SUPPLIED ENTRIES below:

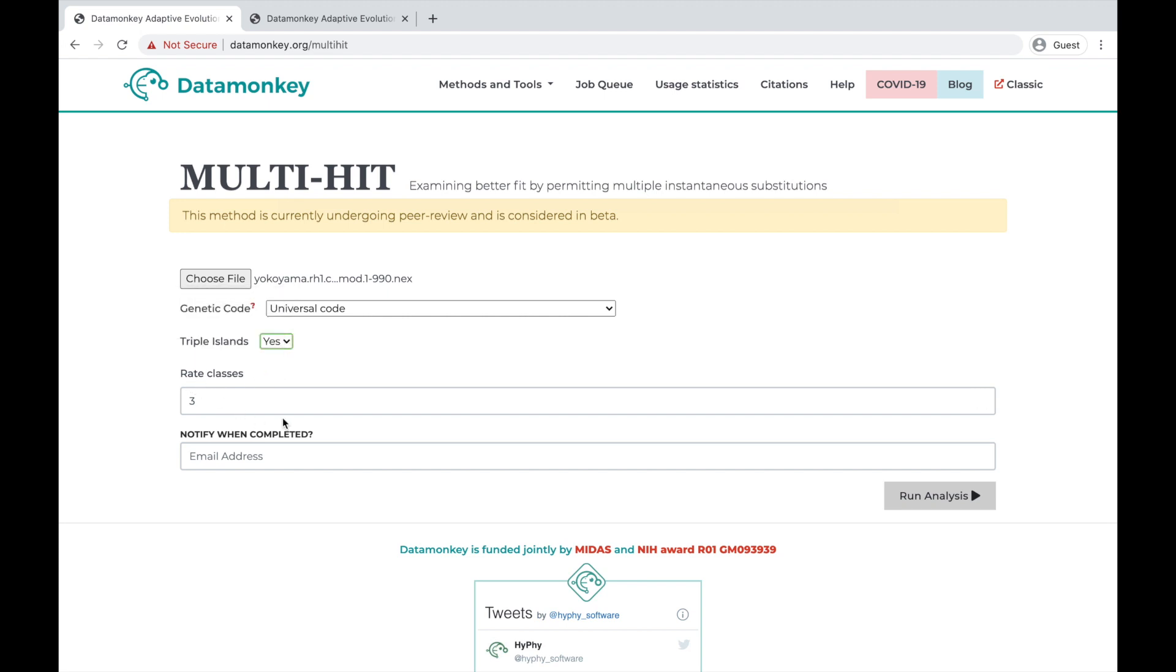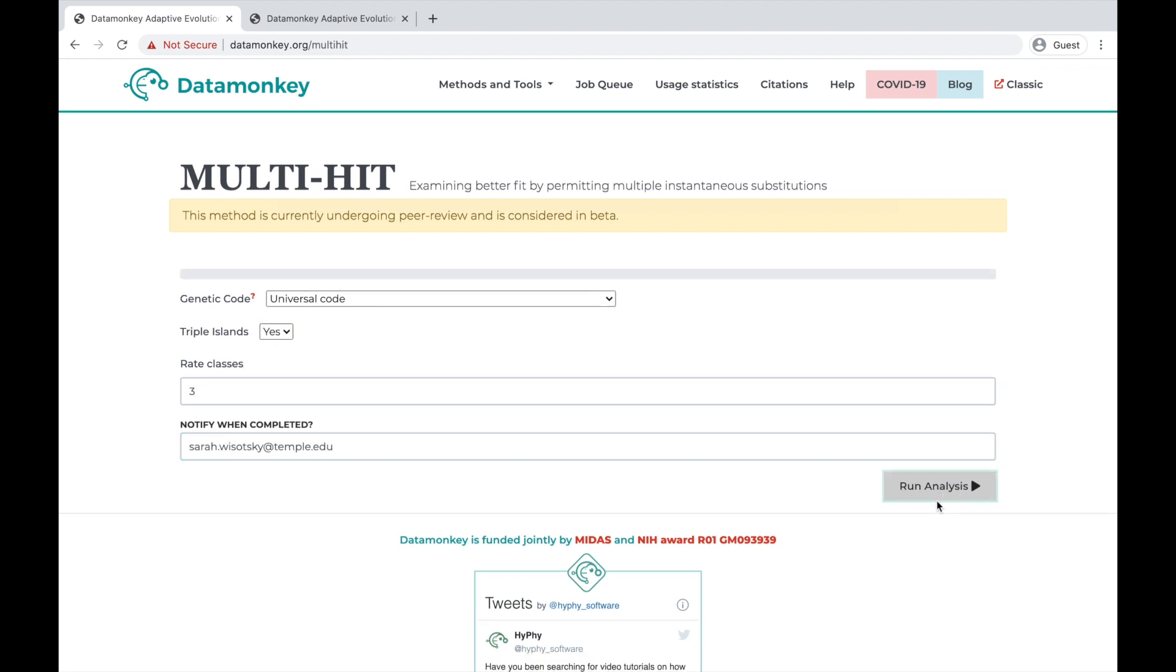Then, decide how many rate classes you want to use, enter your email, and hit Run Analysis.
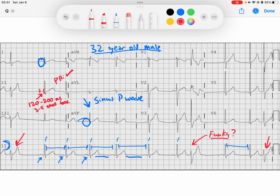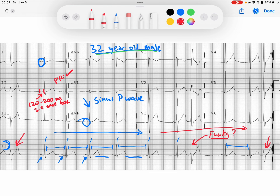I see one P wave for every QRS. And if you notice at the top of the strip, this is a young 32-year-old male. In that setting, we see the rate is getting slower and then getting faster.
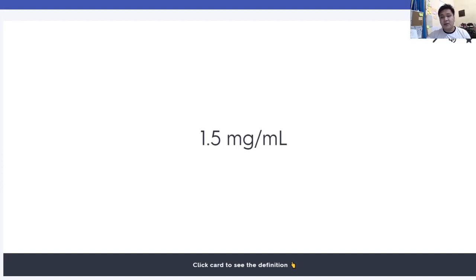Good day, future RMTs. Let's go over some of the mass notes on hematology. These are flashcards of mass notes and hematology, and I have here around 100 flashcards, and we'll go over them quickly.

End of SUPPLIED ENTRIES.
SUPPLIED ENTRIES below:

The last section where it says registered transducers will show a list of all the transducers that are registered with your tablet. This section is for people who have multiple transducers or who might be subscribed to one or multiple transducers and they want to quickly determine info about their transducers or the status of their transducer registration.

End of SUPPLIED ENTRIES.
SUPPLIED ENTRIES below:

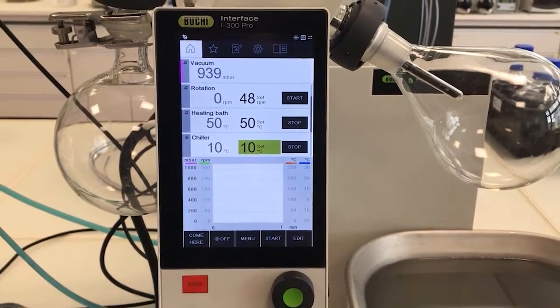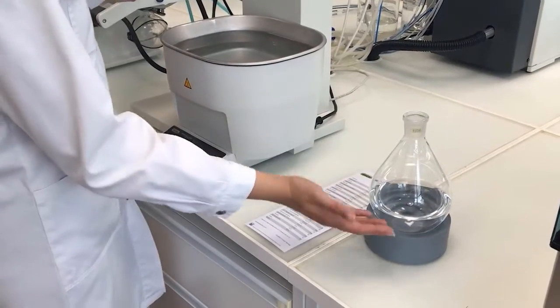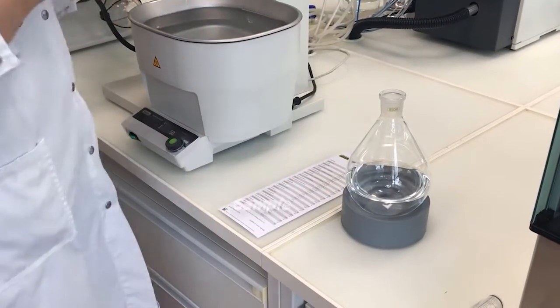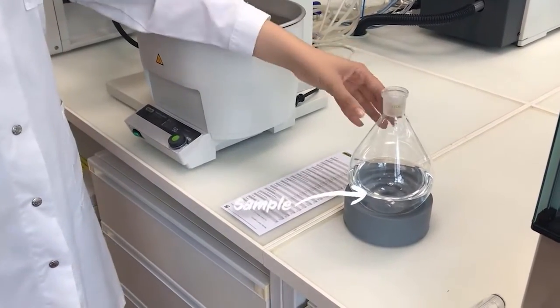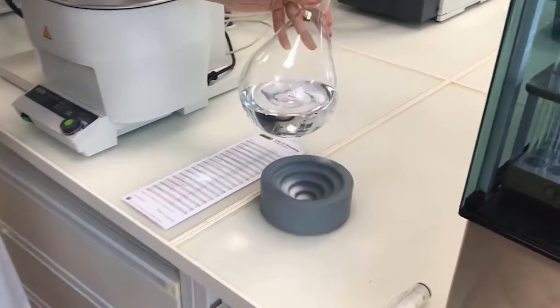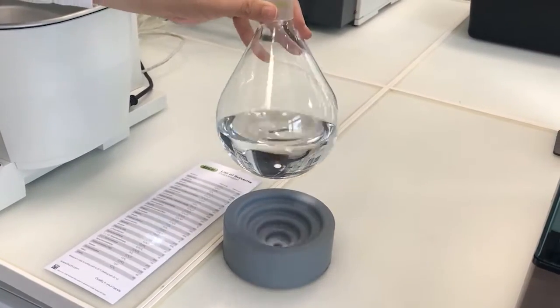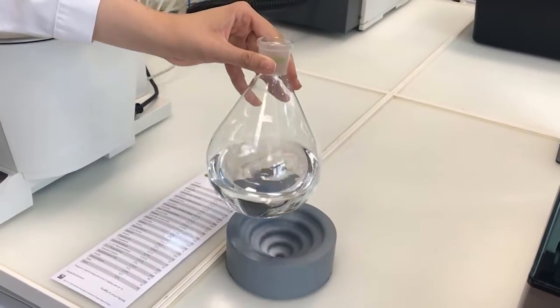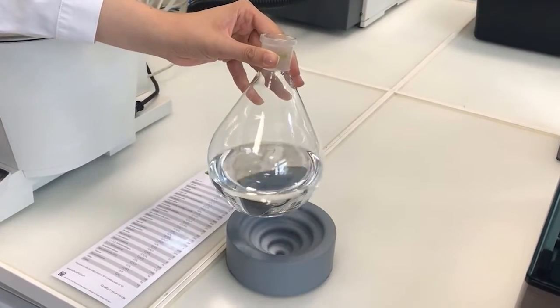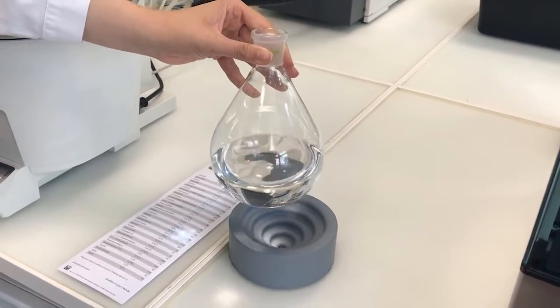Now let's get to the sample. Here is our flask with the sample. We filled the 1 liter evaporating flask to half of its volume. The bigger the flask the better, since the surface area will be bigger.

End of SUPPLIED ENTRIES.

Above are some records. Output exactly the lines from the one that contains "I see one P" to the one that contains "Good day, future", keeping both, and omit the pictures.

I see one P wave for every QRS. And if you notice at the top of the strip, this is a young 32-year-old male. In that setting, we see the rate is getting slower and then getting faster.
Good day, future RMTs. Let's go over some of the mass notes on hematology. These are flashcards of mass notes and hematology, and I have here around 100 flashcards, and we'll go over them quickly.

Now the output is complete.